*** Begin section ***

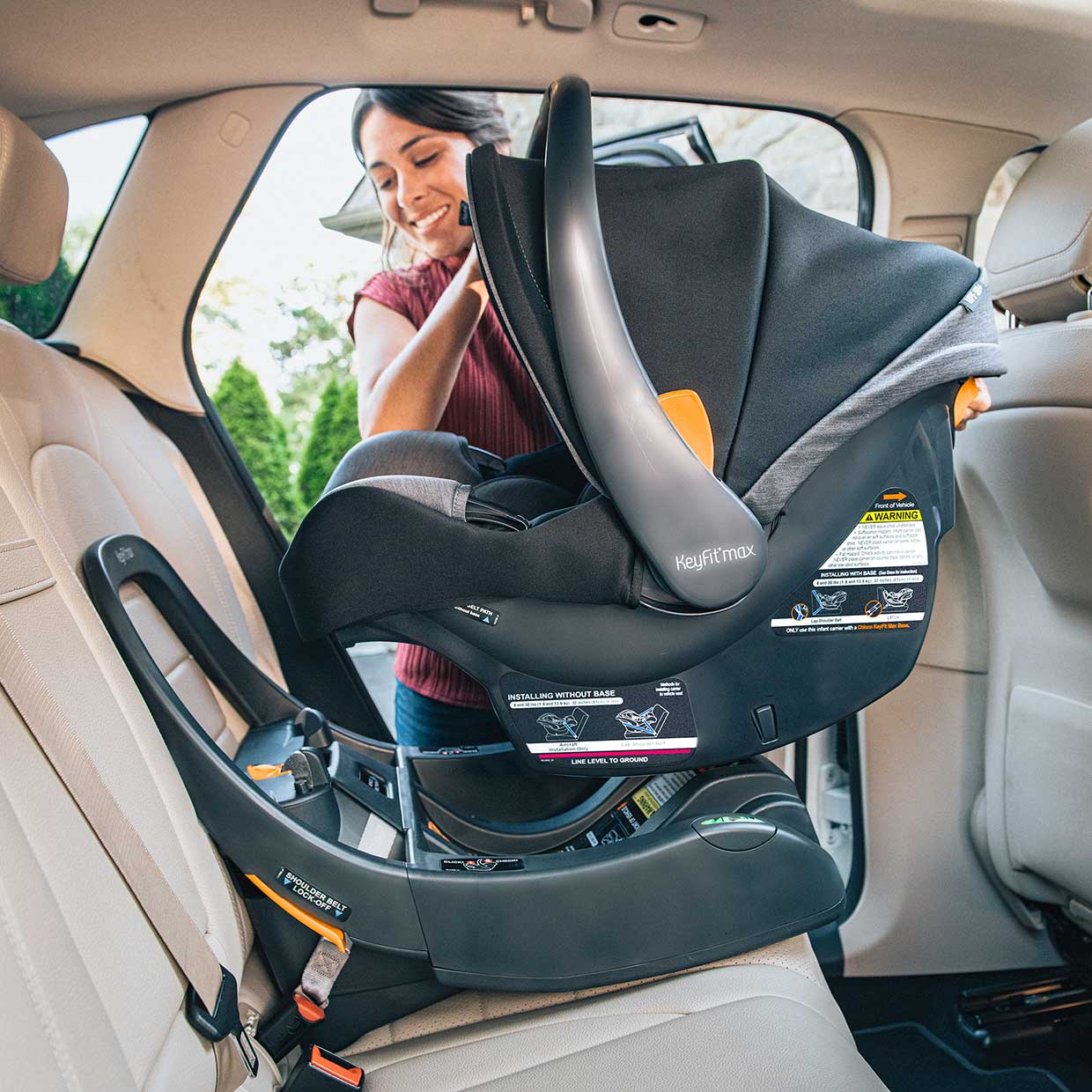 Chicco KeyFit Max car seat being installed in vehicle image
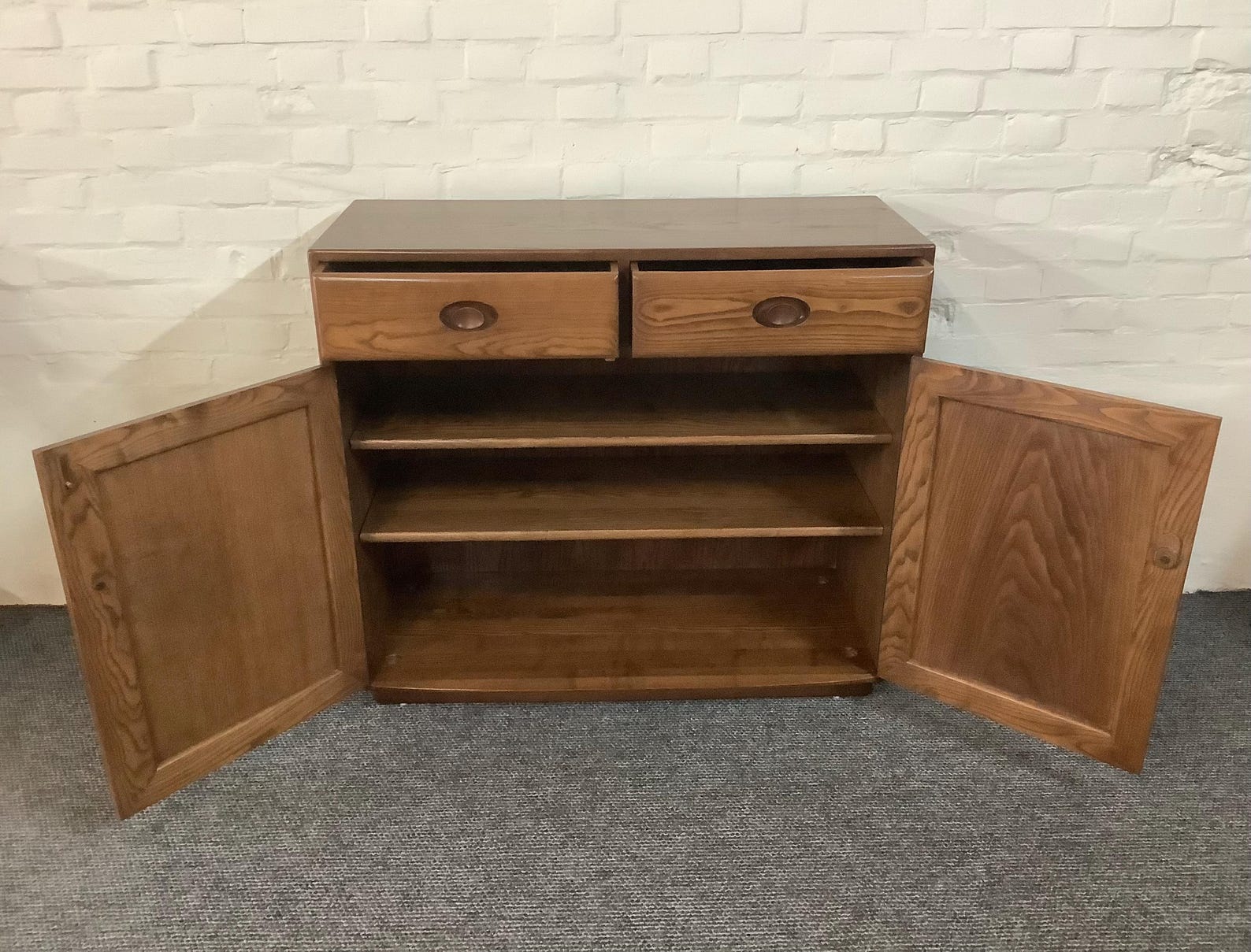Ercol Windsor High Sideboard In Golden Dawn Finish.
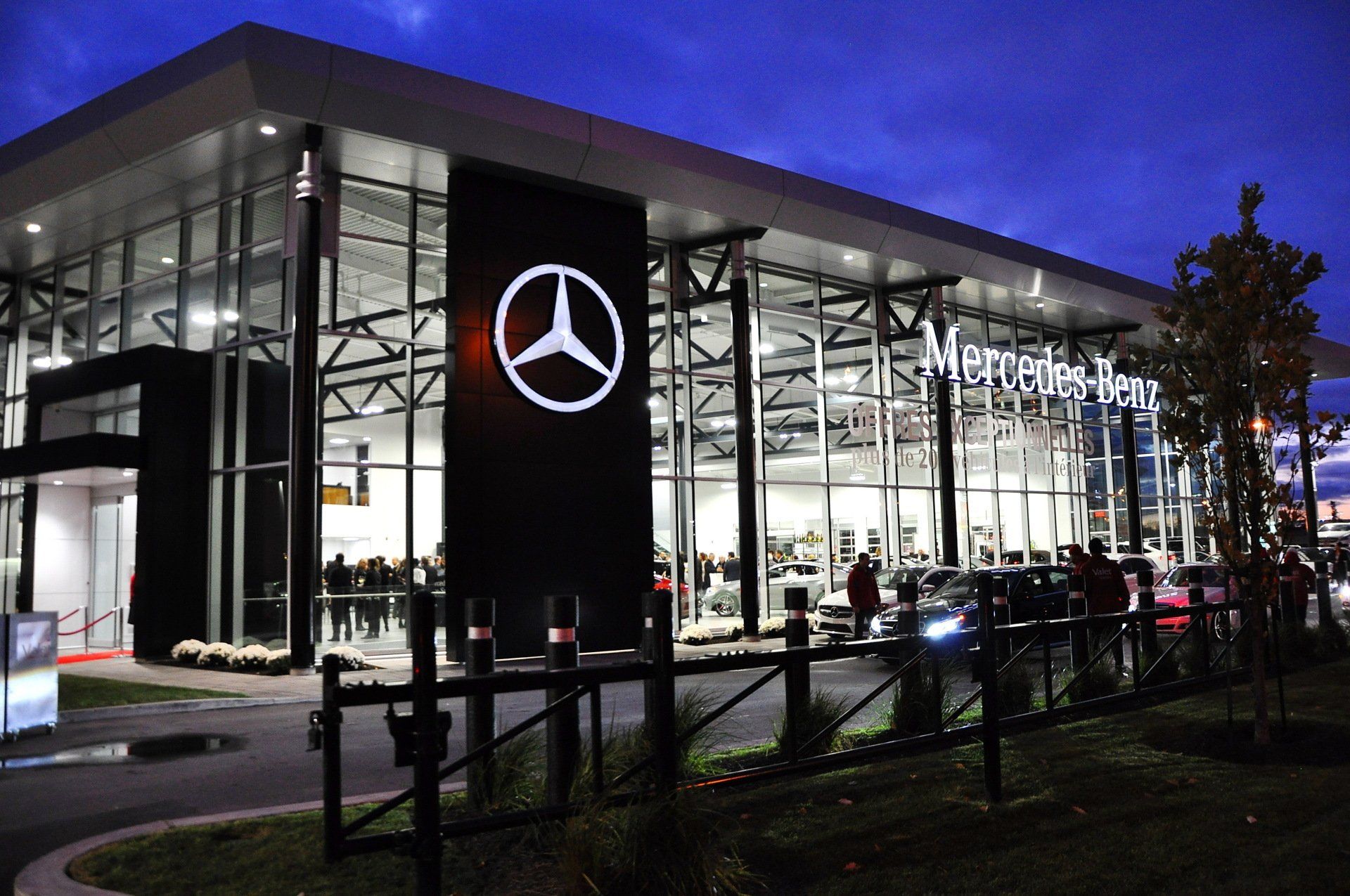 Mercedes-Benz dealership exterior at dusk; illuminated logo and building; cars and people visible.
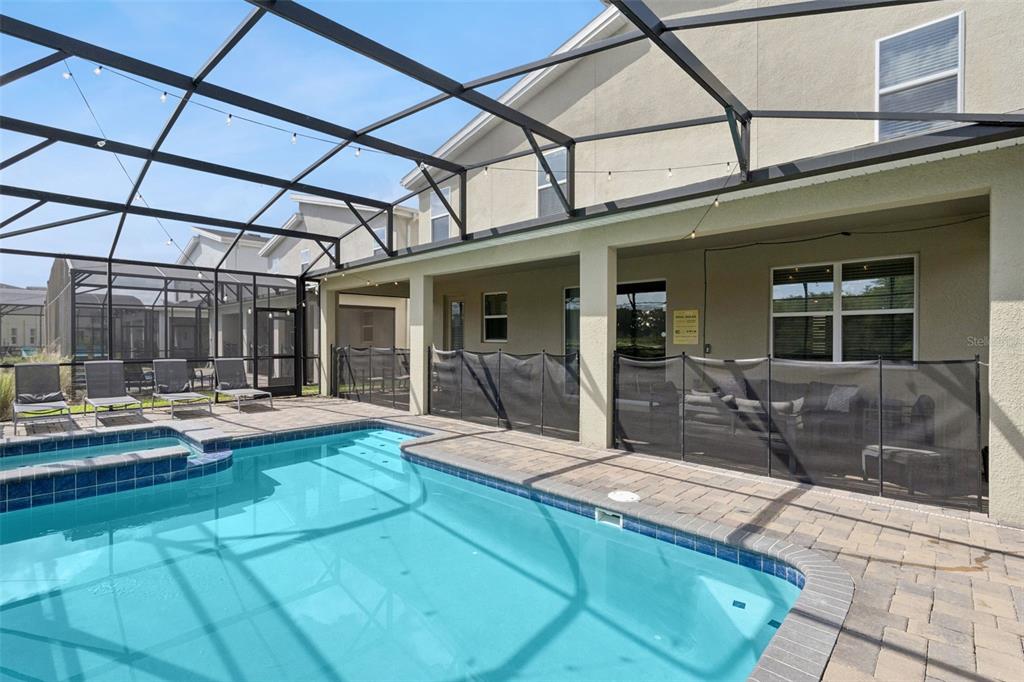 2949 Protagonist Street Kissimmee, FL 34746 - Photo 54 of 93 a view of a backyard with swimming pool table and chairs
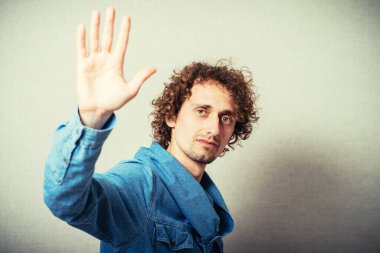 Bej arka planda poz veren kıvırcık adam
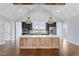Open kitchen with custom wood island, stainless appliances, and vaulted ceiling at 6185 Nc-50, Benson, NC 27504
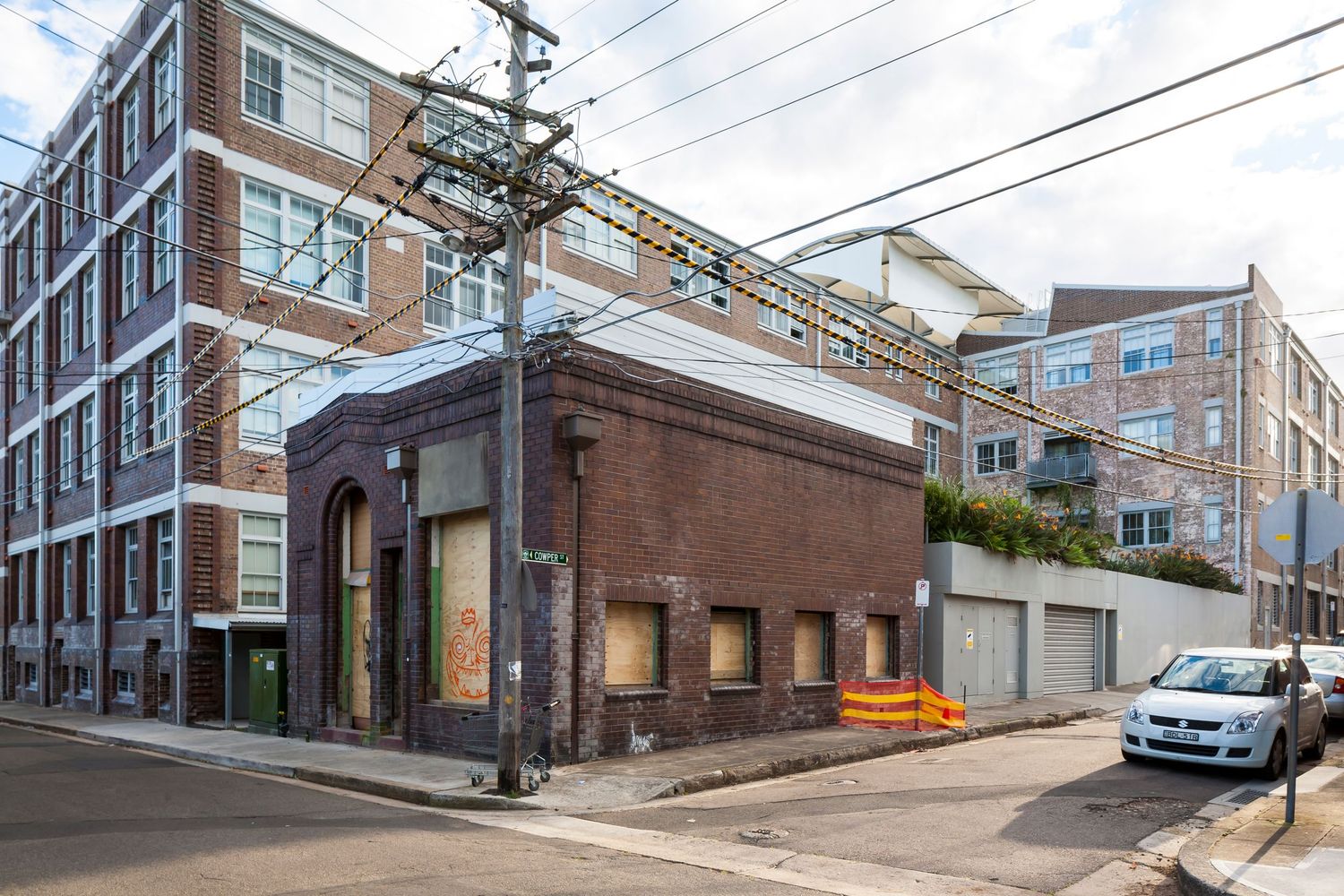 Old brick building with boarded windows on a street corner beside modern apartment blocks and overhead power lines.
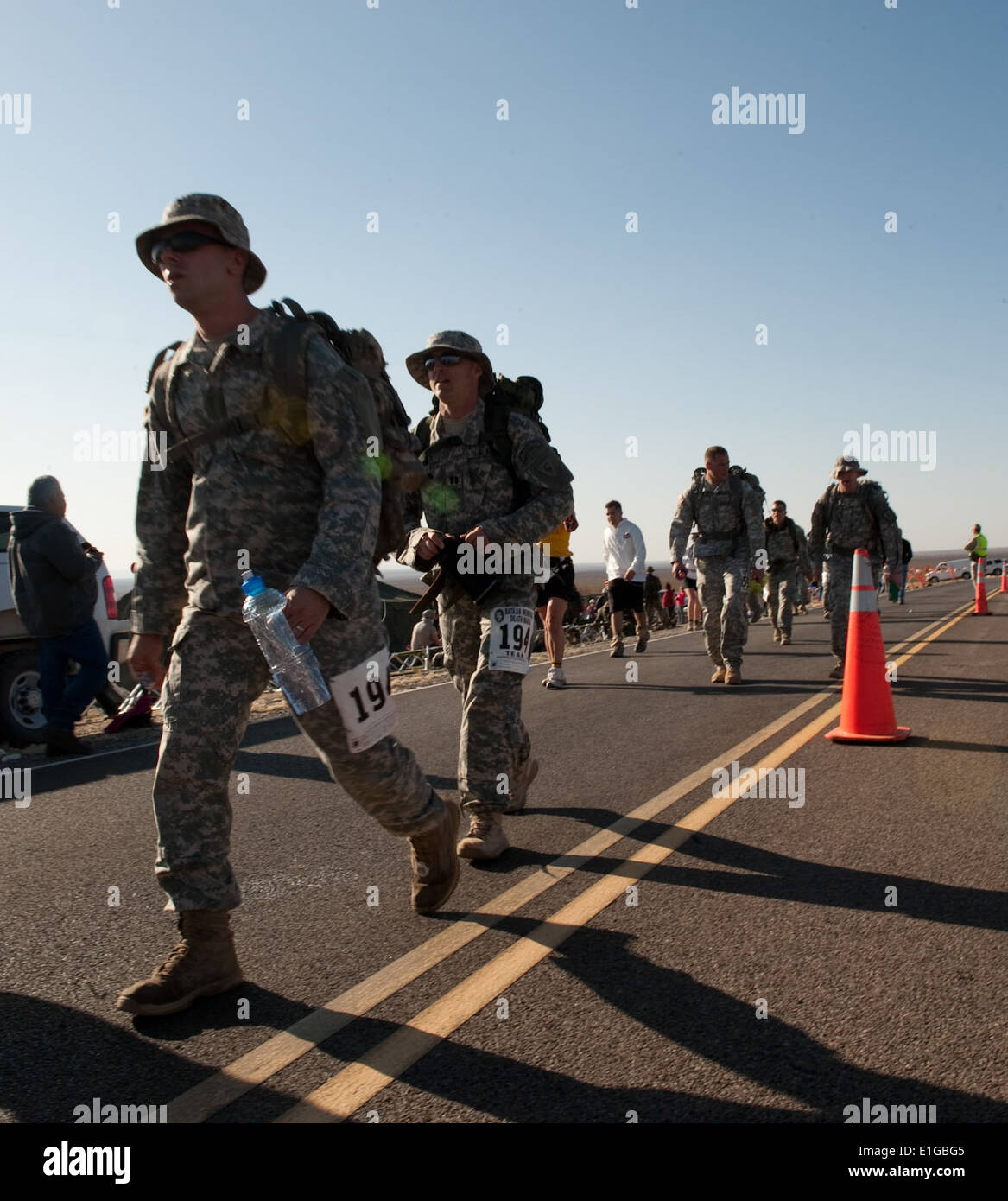 U.S. Army Sgt. Joshua Chenault, Capt. Andrew Miller, Sgt. Tyson Waldron and Maj. Gary Blagburn walk past the eight-mile point o Stock Photo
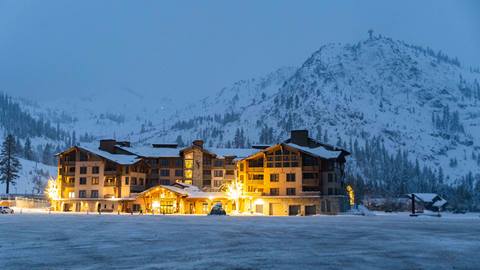 The Front Desk in The Village at Palisades Tahoe on a snowy night under the Tram Face.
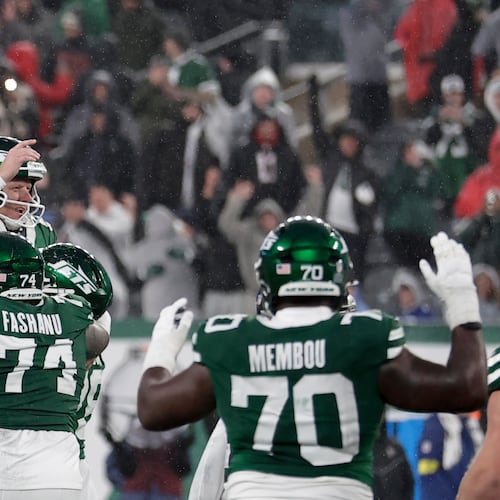 New York Jets place kicker Nick Folk (6) celebrates with teammates after he kicked the game-winning field goal against the Atlanta Falcons during the second half of an NFL football game, Sunday, Nov. 30, 2025, in East Rutherford, N.J. (AP Photo/Adam Hunger)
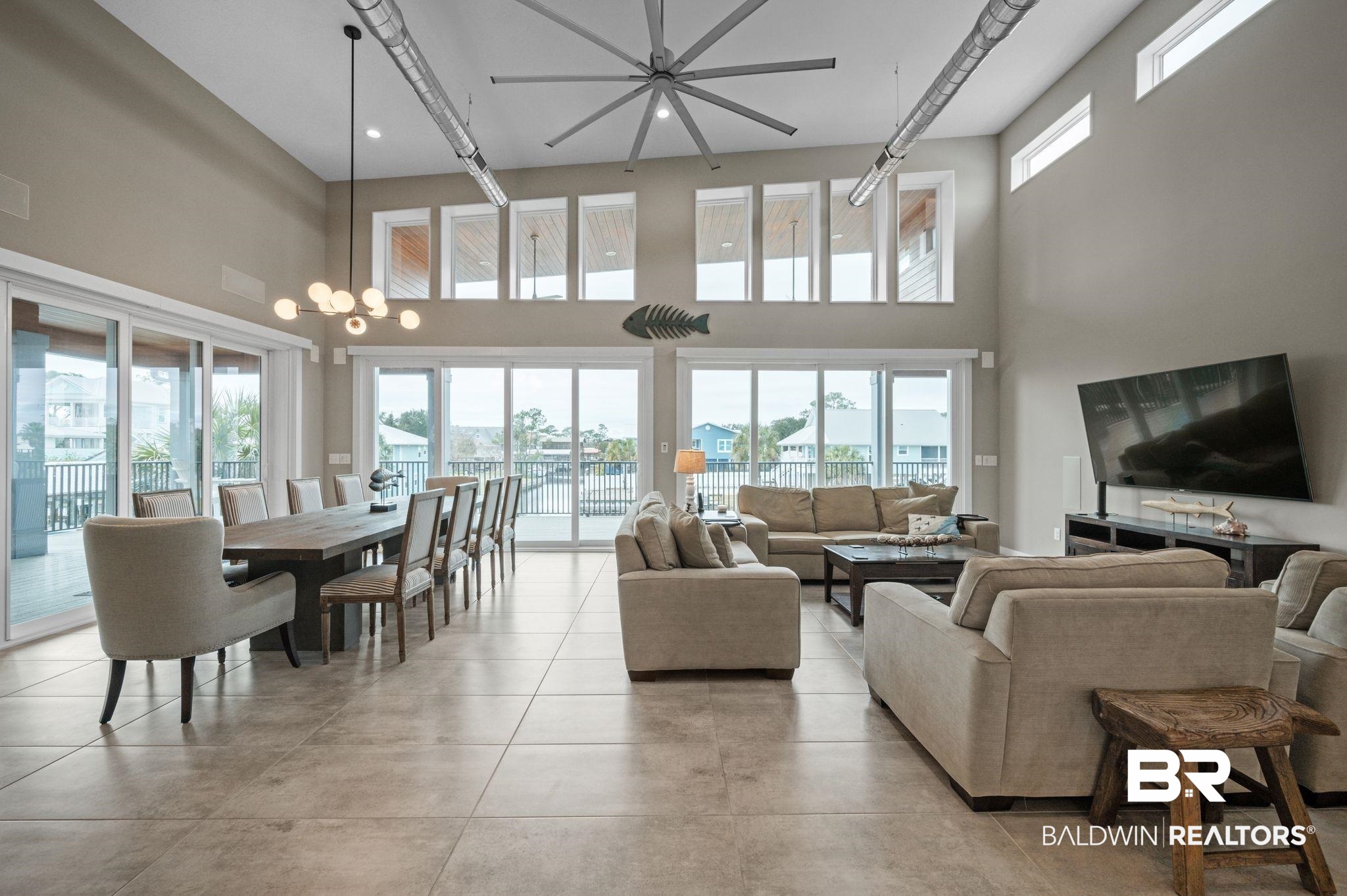 3840 Cotton Way Orange Beach, AL 36561 - Photo 3 of 75 Living room featuring a towering ceiling, plenty of natural light, and a notable chandelier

*** End section ***

• Aim of the exercise:
All of the listing above must be output exactly, except for its pictures.

• Output below:
 Chicco KeyFit Max car seat being installed in vehicle image
Ercol Windsor High Sideboard In Golden Dawn Finish.
 Mercedes-Benz dealership exterior at dusk; illuminated logo and building; cars and people visible.
 2949 Protagonist Street Kissimmee, FL 34746 - Photo 54 of 93 a view of a backyard with swimming pool table and chairs
 Bej arka planda poz veren kıvırcık adam
Open kitchen with custom wood island, stainless appliances, and vaulted ceiling at 6185 Nc-50, Benson, NC 27504
 Old brick building with boarded windows on a street corner beside modern apartment blocks and overhead power lines.
 U.S. Army Sgt. Joshua Chenault, Capt. Andrew Miller, Sgt. Tyson Waldron and Maj. Gary Blagburn walk past the eight-mile point o Stock Photo
 The Front Desk in The Village at Palisades Tahoe on a snowy night under the Tram Face.
 New York Jets place kicker Nick Folk (6) celebrates with teammates after he kicked the game-winning field goal against the Atlanta Falcons during the second half of an NFL football game, Sunday, Nov. 30, 2025, in East Rutherford, N.J. (AP Photo/Adam Hunger)
 3840 Cotton Way Orange Beach, AL 36561 - Photo 3 of 75 Living room featuring a towering ceiling, plenty of natural light, and a notable chandelier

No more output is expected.